Root permissions are required for execution of the kdb command on the active system. This is required because the special file /dev/pmem is used. To run the kdb command on the active system, type:
kdb
To invoke the kdb command on a system image file, type:
kdb SystemImageFile
where SystemImageFile is either a file name or the name of the dump device. When invoked to view data from a SystemImageFile the kdb command sets the default thread to the thread running at the time the SystemImageFile was created.
The complete list of subcommands available for the KDB Kernel Debugger and kdb command are included in Subcommands for the KDB Kernel Debugger and kdb Command.
The KDB Kernel Debugger is used for debugging the kernel, device drivers, and other kernel extensions. The KDB Kernel Debugger provides the following functions:
When the KDB Kernel Debugger is invoked, it is the only running program. All processes are stopped and interrupts are disabled. The KDB Kernel Debugger runs with its own Machine State Save Area (mst) and a special stack. In addition, the KDB Kernel Debugger does not run operating system routines. Though this requires that kernel code be duplicated within KDB, it is possible to break anywhere within the kernel code. When exiting the KDB Kernel Debugger, all processes continue to run unless the debugger was entered via a system halt.
The KDB Kernel debugger must be loaded and started before it can accept commands. Once in the debugger, use the commands to investigate and make alterations. See Subcommands for the KDB Kernel Debugger and kdb Command for lists and descriptions of the subcommands.

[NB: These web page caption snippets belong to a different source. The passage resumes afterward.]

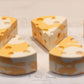Cheese Soap Workshop 芝士冷製皂課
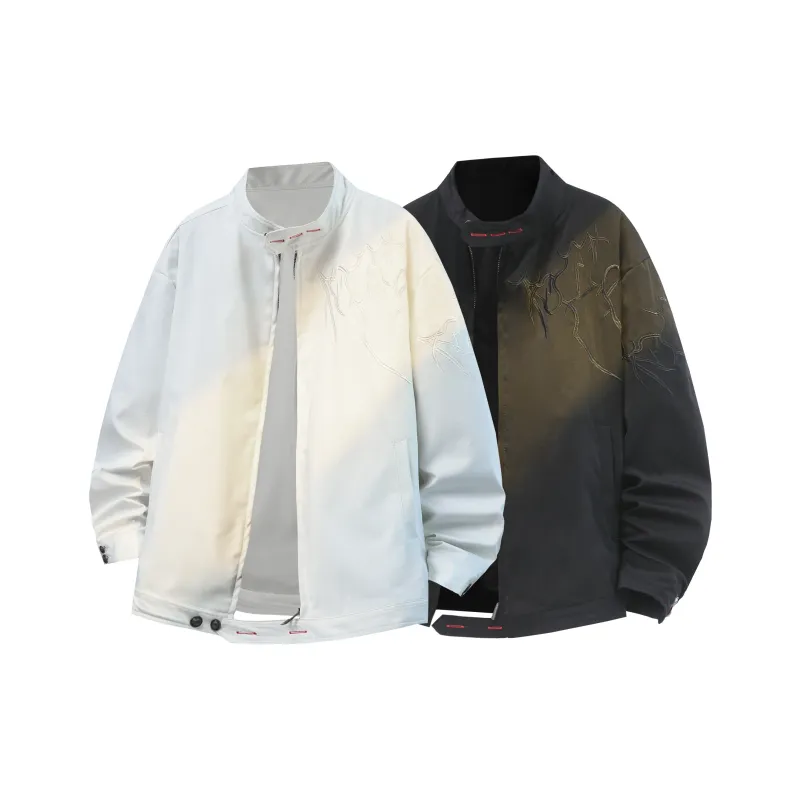 TESTUNG Trendy Versatile Jackets & Coats Unisex-2
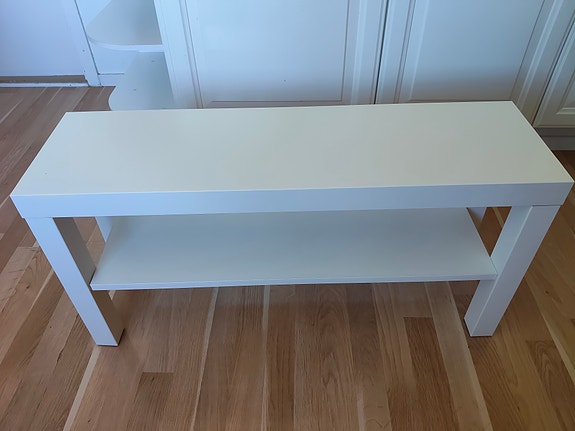 Ikea Lack tv-taso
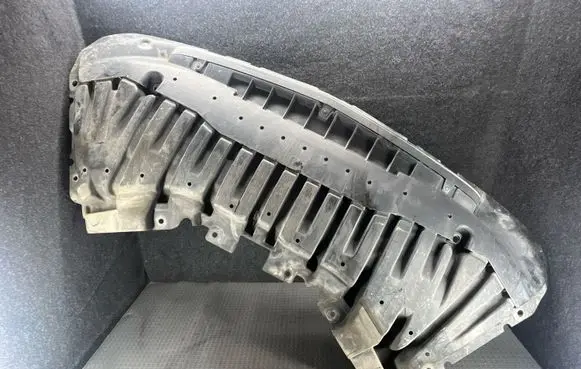 Mercedes-Benz S W222 Seat trim 0023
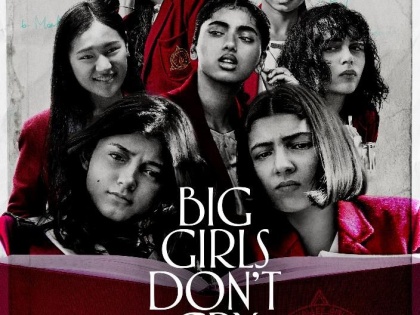 Big Girls Don’t Cry: Deepika Padukone, Ranveer Singh, Karan Johar, Hail Nitya Mehra’s Coming-Of-Age Drama | Big Girls Don’t Cry: Deepika Padukone, Ranveer Singh, Karan Johar, Hail Nitya Mehra’s Coming-Of-Age Drama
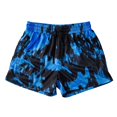 thumbnail image 1 of Pantalones cortos de culturismo para hombre, Bermudas de malla transpirable para correr, gimnasio, entrenamiento de boxeo, pantalones de playa de secado rápido, 1 of 5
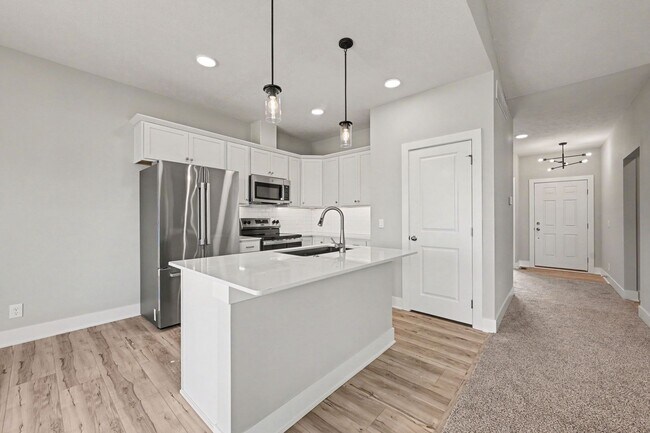 Building Photo - 6852 Portage Dr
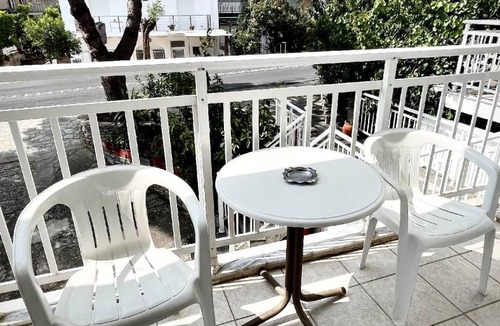 Limenaria Apartment | 35 m² Apartment ∙ 2 bedrooms ∙ 4 guests
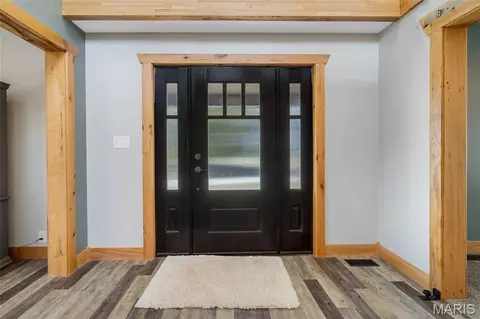 Entry Way - 4176 State Route 156, Waterloo, IL 62298 photo 1 of 4
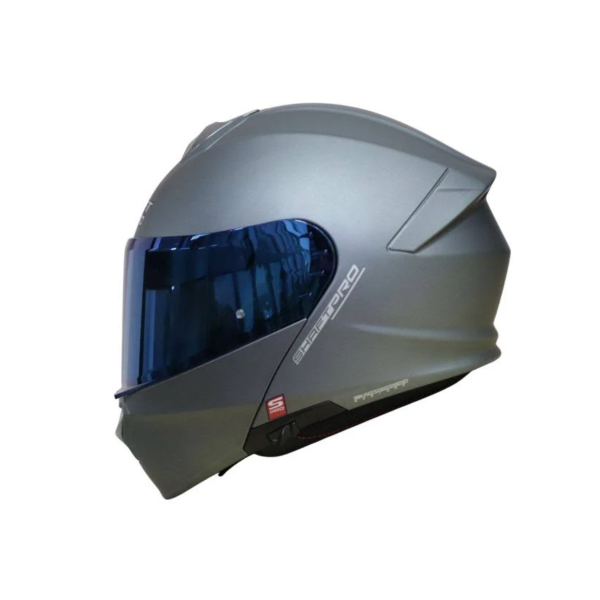 CASCO ABT SHAFT PRO 4000 EVO SOLID CROMADO SL V SM CL IR AZ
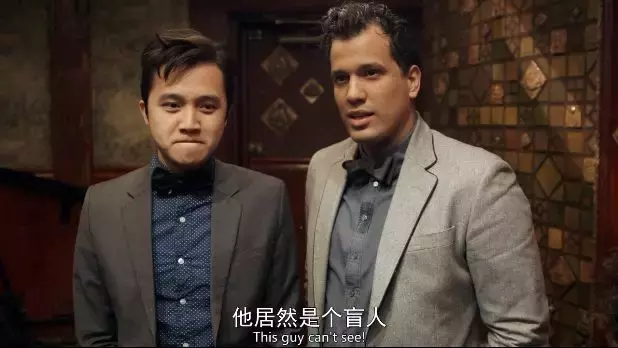 纸牌人生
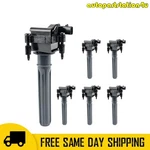 6X Ignition Coil UF269 For 1999-2004 Chrysler 300M 2005-2006 Pacifica 3.5L V6. Fixed Price $53.99.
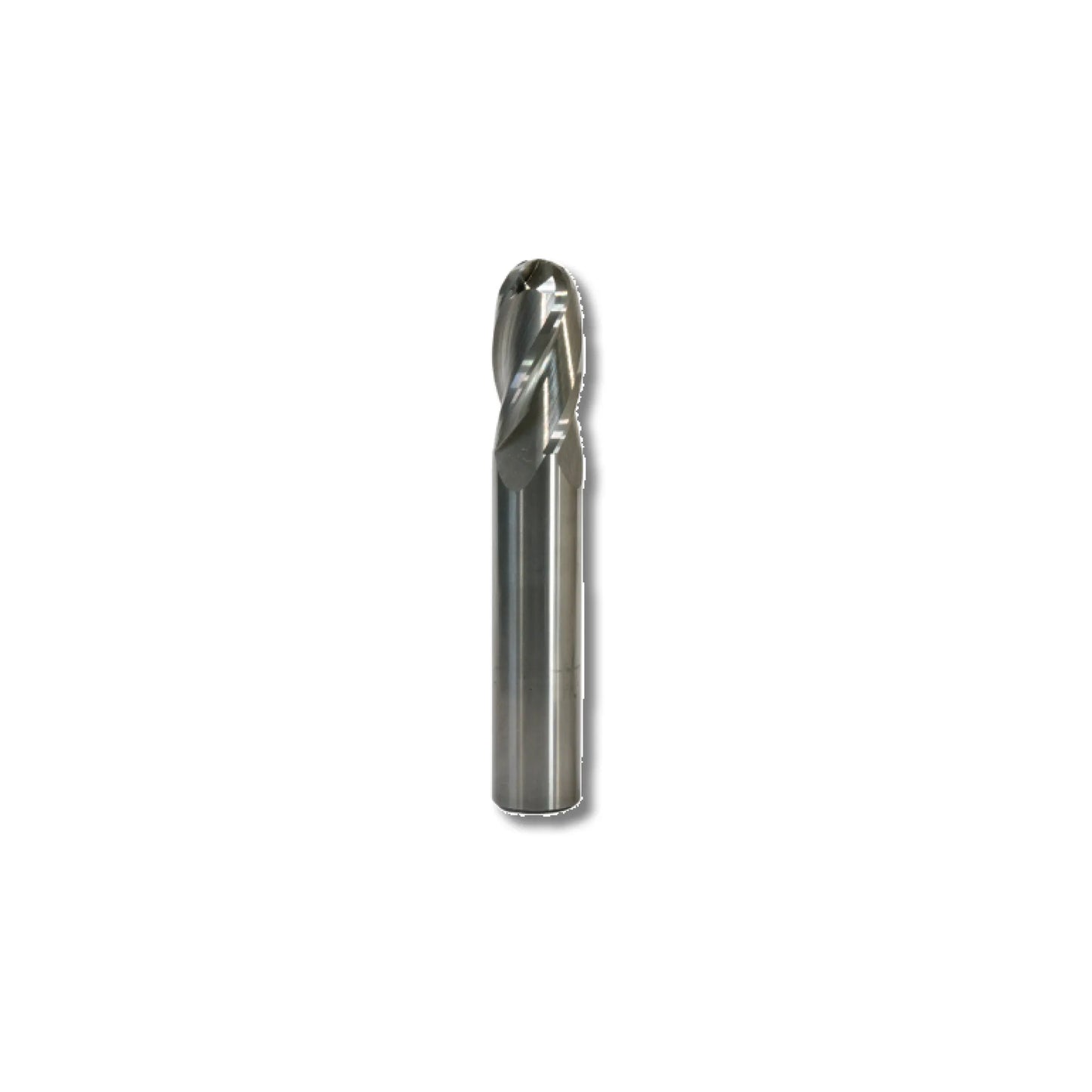 EMSC 8mm 4FSEXL Ball Bright 50mm x 150mm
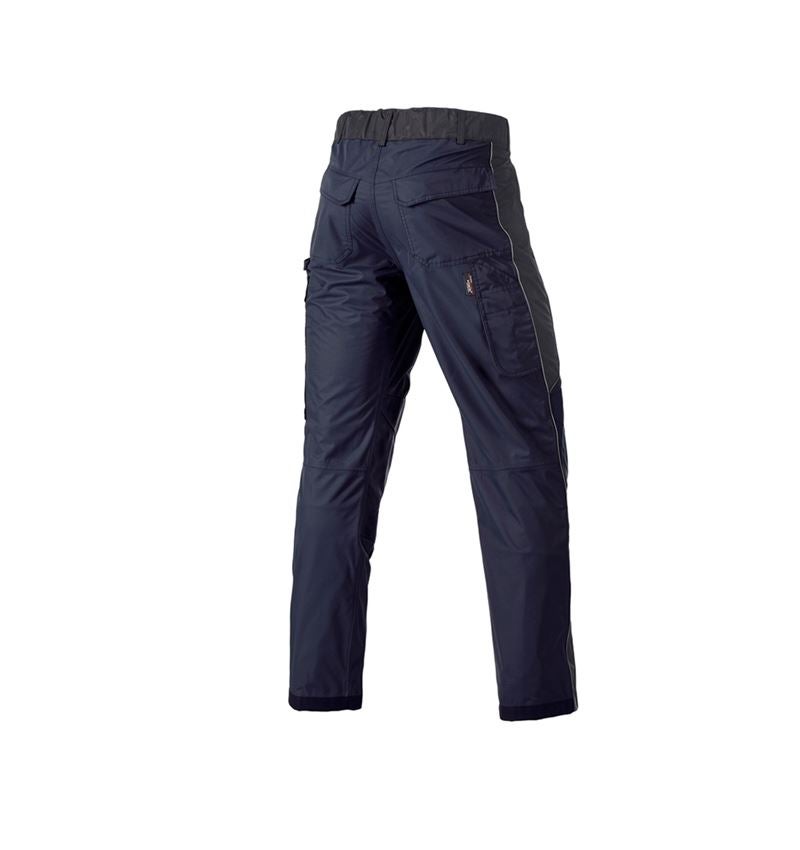 Topics: Functional trousers e.s.prestige + navy/black 3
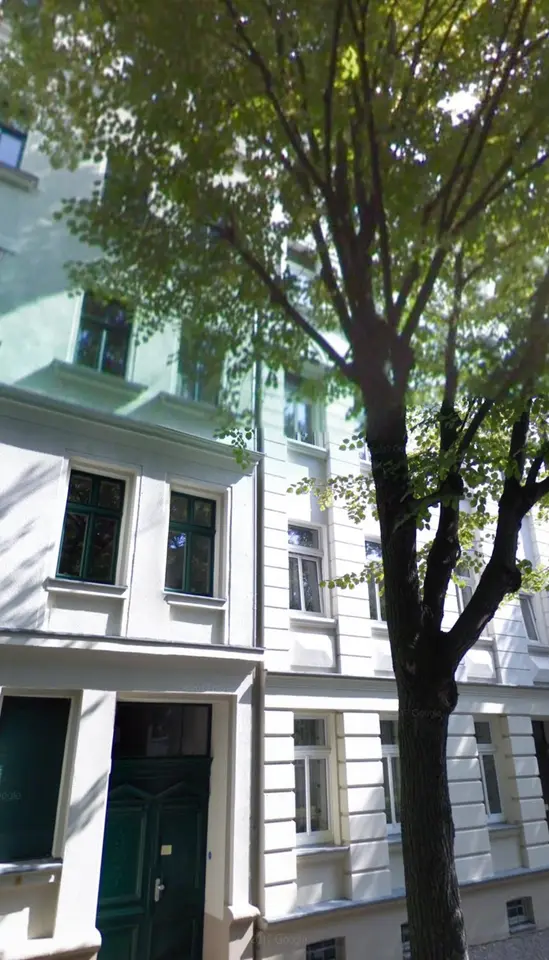 2 Zimmer Wohnung mit 37 m² in Leipzig – Bild 4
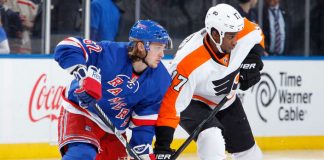 New York vs. Philadelphia Odds & Prediction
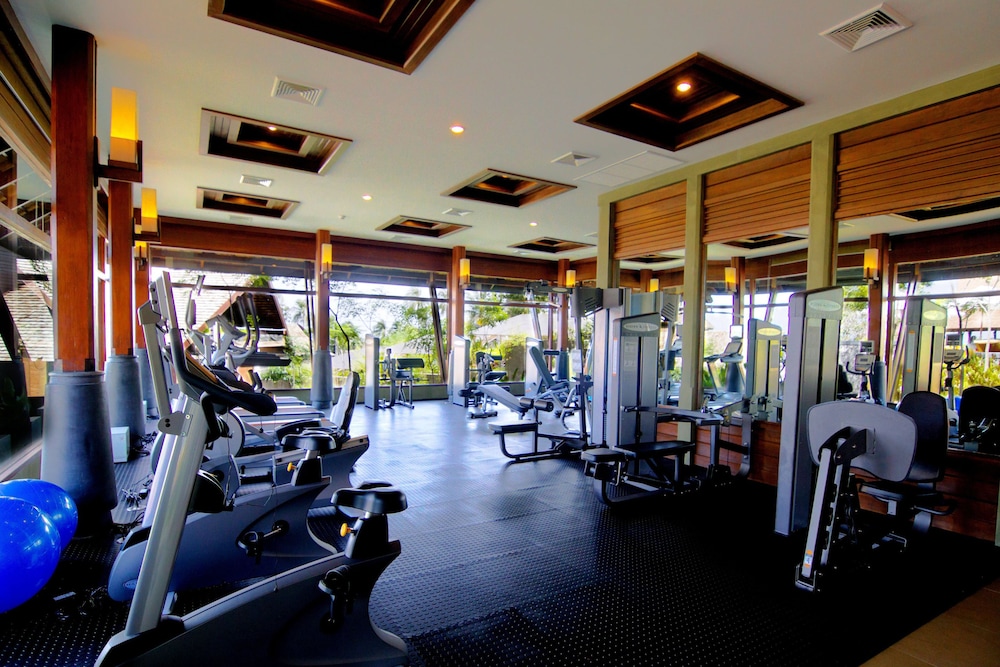 Nora Buri Resort & Spa — photo 31
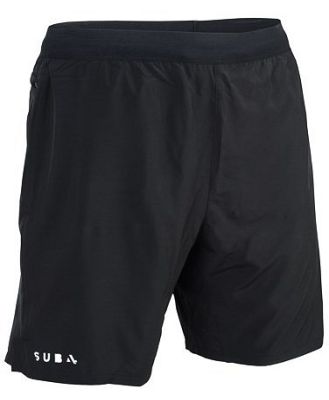 Sub4 Active Gym Workout 2-In-1 Mens Training Shorts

Register values can be referenced by the KDB Kernel Debugger and kdb command. Register values can be used in subcommands by preceding the register name with an "@" character. This character is also used to dereference addresses as described in Expressions. The list of registers that can be referenced include:
| asr | Address space register |
| cr | Condition register |
| ctr | Count register |
| dar | Data address register |
| dec | Decrementer |
| dsisr | Data storage interrupt status register |
| fp0-fp31 | Floating point registers 0 through 31 |
| fpscr | Floating point status and control register |
| iar | Instruction address register |
| lr | Link register |
| mq | Multiply quotient |
| msr | Machine State register |
| r0-r31 | General Purpose Registers 0 through 31 |
| rtcl | Real Time clock (nanoseconds) |
| rtcu | Real Time clock (seconds) |
| s0-s15 | Segment registers |
| sdr0 | Storage description register 0 |
| sdr1 | Storage description register 1 |
| srr0 | Machine status save/restore 0 |
| srr1 | Machine status save/restore 1 |
| tbl | Time base register, lower |
| tbu | Time base register, upper |
| tid | Transaction register (fixed point) |
| xer | Exception register (fixed point) |
Other special purposes registers that can be referenced, if supported on the hardware, include: sprg0, sprg1, sprg2, sprg3, pir, fpecr, ear, pvr, hid0, hid1, iabr, dmiss, imiss, dcmp, icmp, hash1, hash2, rpa, buscsr, l2cr, l2sr, mmcr0, mmcr1, pmc1-pmc8, sia, and sda.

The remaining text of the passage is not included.